[PROBLEM]
Your output must consist of the records printed verbatim, with the pictures excluded.

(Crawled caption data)
----
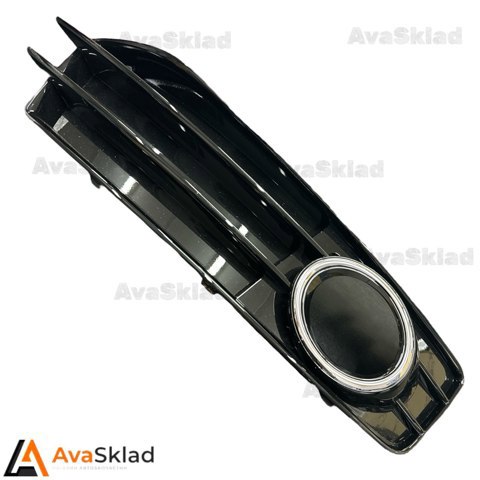  PAD99229AR Signeda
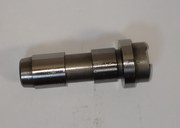 Клапан АКПП 17 31773-31X02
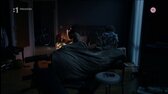 Biele ticho (2022) nemecká dráma sk dabing 1080p mp4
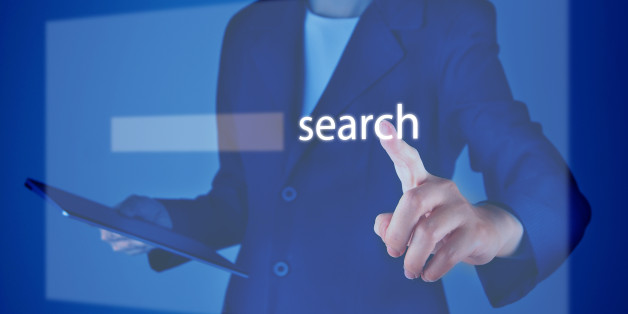 Search engine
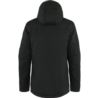 Fjallraven Skogsö Padded Jacket M 82279-550 Fjallraven Skogsö Padded Jacket M 82279-550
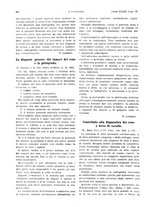 giornale/PUV0041812/1926/unico/00000748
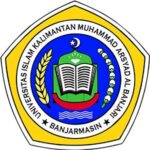 logo-univ-islam-kalimantan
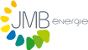 Logo JMB Energie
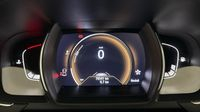 Renault Scénic 1.7 Blue dCi 150ch Business Intens — photo 10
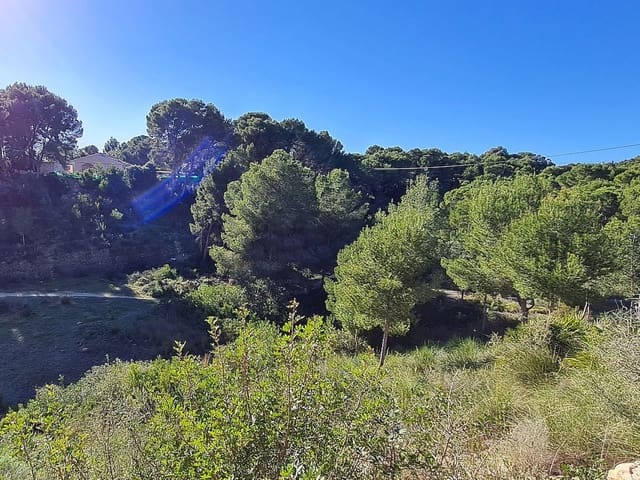 3 makuuhuone Huvila myytävänä paikassa Pinar de Campoverde, Pilar de la Horadada - 599 900 € (Ref: 9318984)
----
[SOLUTION TO THIS EXERCISE]
  PAD99229AR Signeda
 Клапан АКПП 17 31773-31X02
 Biele ticho (2022) nemecká dráma sk dabing 1080p mp4
 Search engine
 Fjallraven Skogsö Padded Jacket M 82279-550 Fjallraven Skogsö Padded Jacket M 82279-550
 giornale/PUV0041812/1926/unico/00000748
 logo-univ-islam-kalimantan
 Logo JMB Energie
 Renault Scénic 1.7 Blue dCi 150ch Business Intens — photo 10
 3 makuuhuone Huvila myytävänä paikassa Pinar de Campoverde, Pilar de la Horadada - 599 900 € (Ref: 9318984)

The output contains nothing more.